What Are We Going to Build?

The diagram shows an overview of the container connections in the example's docker compose file. The application connects to a cache cluster and a database instance provided by Redis master/slave and MySQL. It's doing it indirectly through Toxiproxy, which offers a REST API for controlling the network characteristics. Tests will be able to change the network connectivity between the application and each one of its dependency separately. Cucumber gives the test scenarios a nice readable format and allows declaring our application's failure modes in feature files.

How to Run the Example?

Go to the GitHub example and see the README.md on how to start the service along with all the dependencies. It also contains the commands for running the Cucumber tests.

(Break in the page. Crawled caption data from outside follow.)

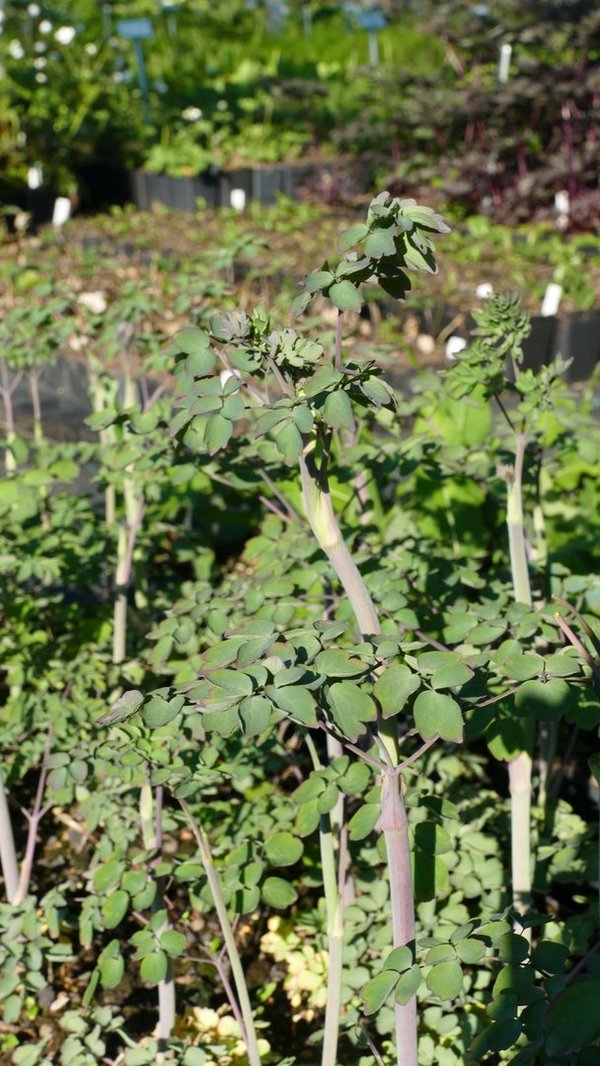 Thalictrum rochebrunianum - Prächtige Wiesenraute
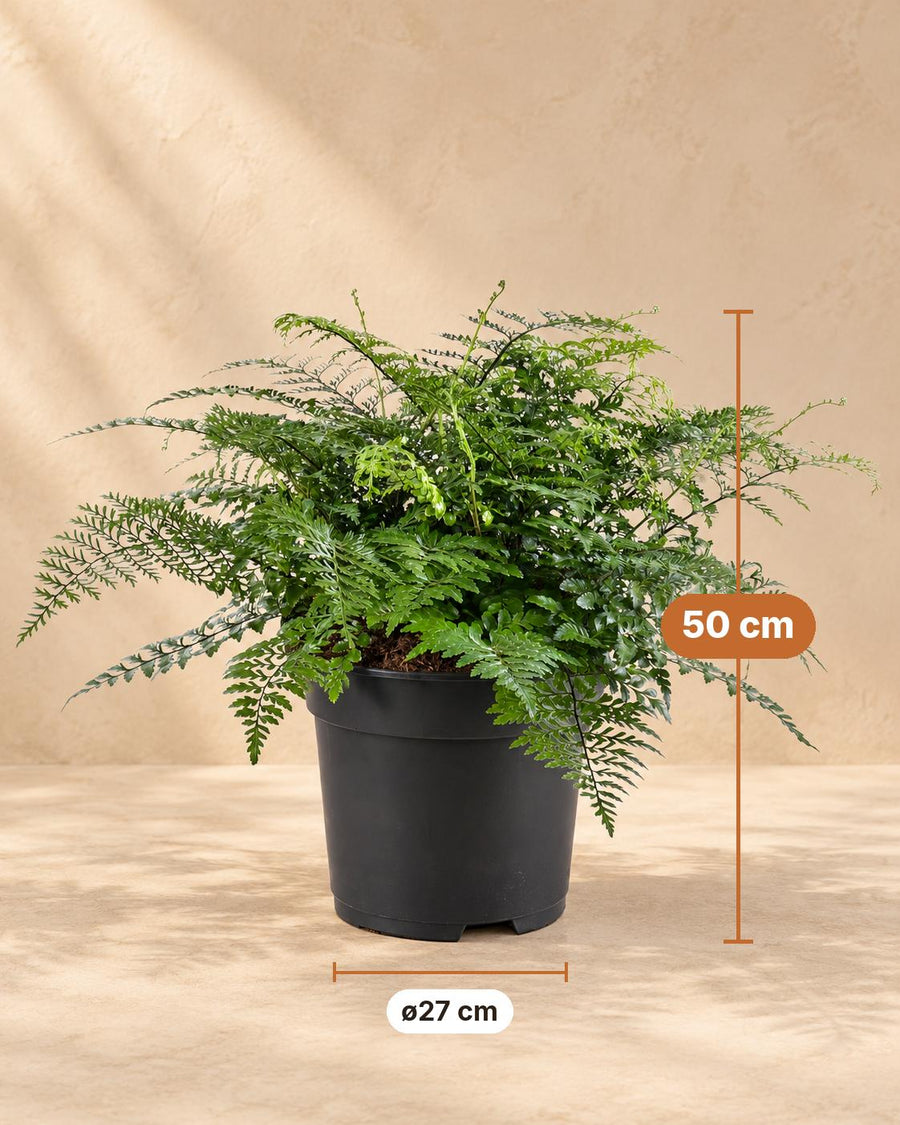 Vogelnestvaren (Asplenium 'Parvati') 50 cm hoog, pot ø27 cm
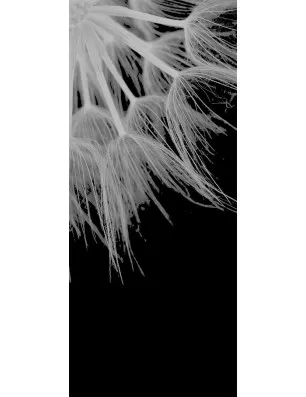 Glasschiebetür PIPE-LINE Pusteblume II Gelasert Auf Klarglas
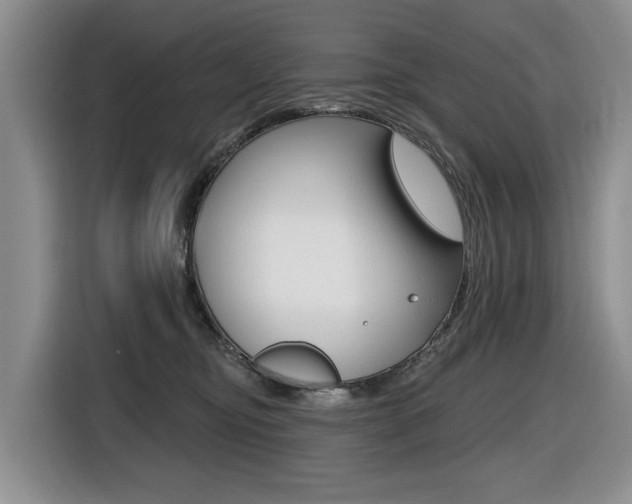 X0000116570374200912101008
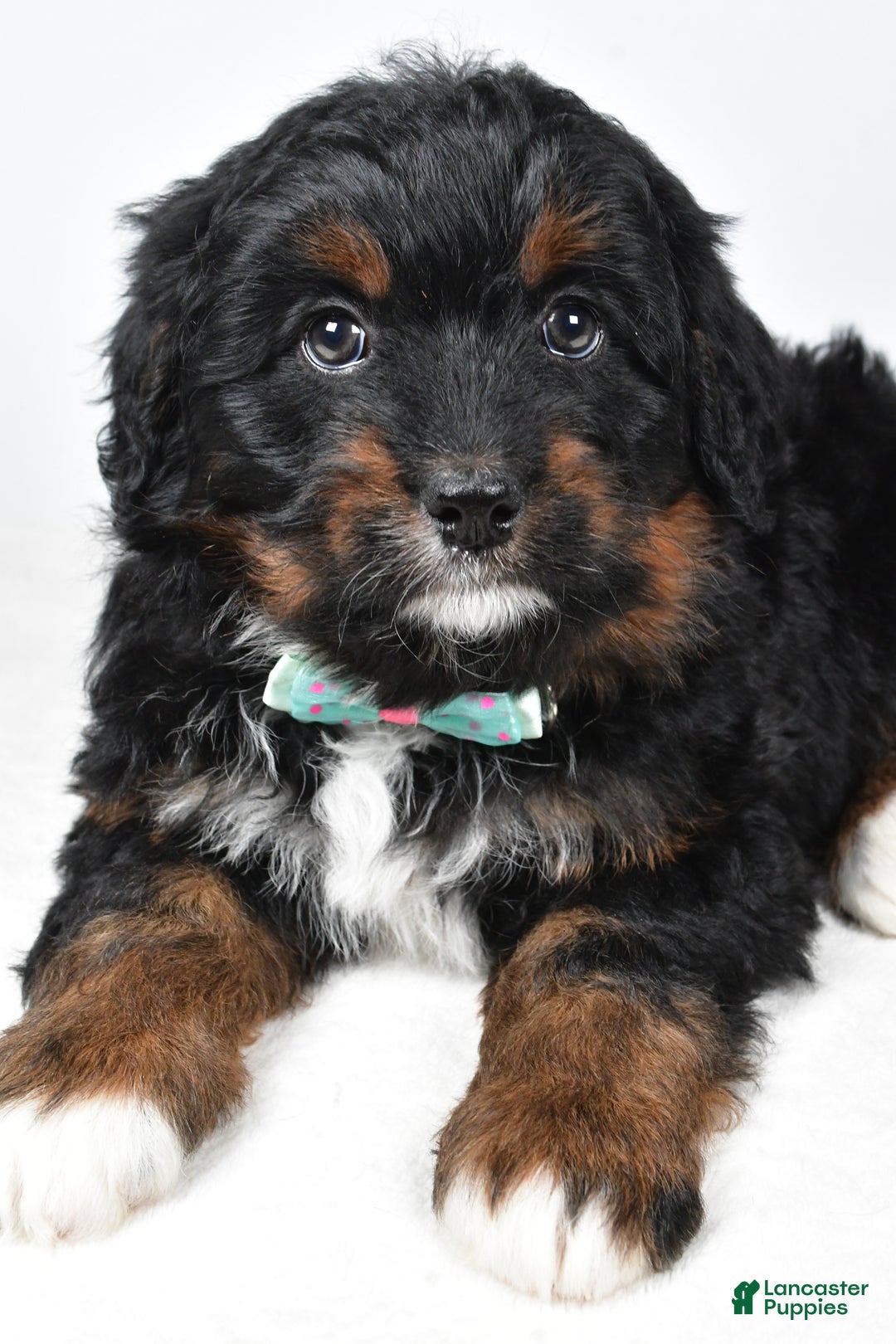 Mini Bernedoodle dogs for sale: Anson - Ad 4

Look at Before, BeforeAll, AfterAll implementations to better understand how step definitions are communicating with the Toxpiproxy API.

I'm going to present an imaginary development process, like the one I went through when doing the exercises by myself. Readers can go through the article and review the example codebase to get a taste of how the development process would look like.

When Things Go Down

The first thing that we will implement is the case of not being able to reach the database.

Feature: ...
  ...
  Background:
    Given user 'u-12345abde234' with name 'Jack' is cached
    And user 'u-12345abde234' with name 'Jack' is stored

  Scenario: Read-only mode without MySQL
    Given 'MySQL' is down
    When user 'u-12345abde234' is requested
    Then the user with id 'u-12345abde234' is returned from 'Redis'

storage-availability.feature

Shortly after executing the test we'll realize that our application simply crashes when MySQL is gone. Failing fast is definitely a good thing when it's intentional. What if we just want to send back the data humbly when it's available from the cache?

Seems like it's relatively easy to fix application crashes. We just need to modify our code to use connection pools.

function connect({host, port, user, password}, callback) {
  const pool = mysql.createPool({
    host: host,
    port: port,
    user: user,
    password: password
  });
  callback(null, pool);
}

dao.js

In the next step, we're adding two more scenarios, which ensures that write issues are handled correctly and the application is able to recover after the database is back online.

Feature: ...
  ...
  Scenario: Write not allowed without MySQL
    Given 'MySQL' is down
    When new user created with id 'u-1123' and name 'Joe'
    Then HTTP 503 is returned

  Scenario: Write is restored with MySQL
    Given 'MySQL' is down
    When 'MySQL' is up
    And new user created with id 'u-1123' and name 'Joe'
    And user 'u-1123' is requested
    Then the user with id 'u-1123' is returned from 'MySQL'

storage-availability.feature

The second scenario passes without code change because the database driver is doing the work for us. We just need to ensure that write errors are handled correctly and we're also able to pass the first scenario.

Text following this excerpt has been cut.